Jedem, der Else Ury eine konservative Lebenseinstellung vorwirft, möchte ich die Entwicklung entgegenhalten, die sie mit diesen wenigen Bänden durchlaufen hat.
Vom Nesthäkchen, das gerade noch verhindern kann, dass der Krieg es von seiner Familie abschneidet, bis zu der Großmutter, die ihre lang vermisste Enkelin aufnimmt, deren Lebensinhalt die humanitäre Arbeit darstellt, vergießt der Leser mit jedem Kapitel Tränen vor Lachen oder auch voller Wehmut.
Ein weiterer Punkt – wenn ich über das Frauenbild lese, von dem sie schreibt – lässt mich eine Bresche für sie schlagen.
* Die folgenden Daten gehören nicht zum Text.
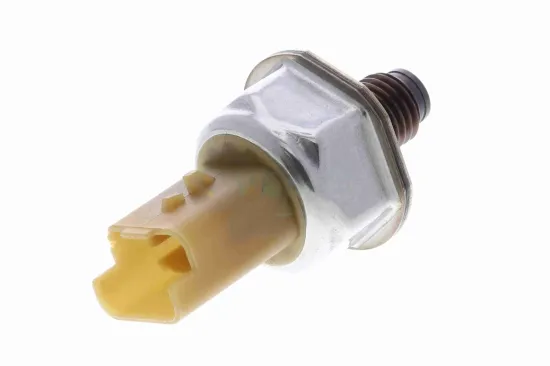 Sensor, Kraftstoffdruck Kraftstoffverteilerrohr VEMO V22-72-0181 Bild Sensor, Kraftstoffdruck Kraftstoffverteilerrohr VEMO V22-72-0181
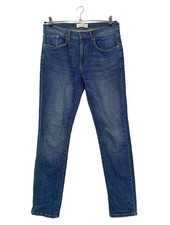 Pier one jeans d'occasion  Expédié en France
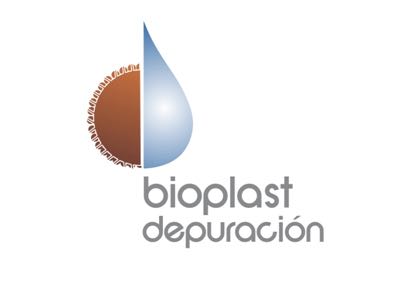 BIOPLAST DEPURACIÓN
Seien wir doch ehrlich – ein fleißigeres, konservativeres Hausmütterchen als unsere Twilight Bella hat die Welt noch nicht gesehen.
Ihr gegenüber verkörpert Nesthäkchen als selbstständige, studierte Frau, die ihrem eigenen Kopf folgt, geradezu den Inbegriff der Emanzipation. (Vielleicht nicht ganz, aber aus der Zeit heraus betrachtet, unbedingt.)
Meiner Ansicht nach schrieb Else Ury wunderbar humorvoll und ebenso ergreifend. Man lebt mit ihren Geschichten und in ihnen. Und jetzt werde ich doch mal gucken, ob sich vielleicht im Internet mehr Lesestoff von ihr findet. Ist schon zu lange her, dass ich das Nesthäkchen in den Händen hatte.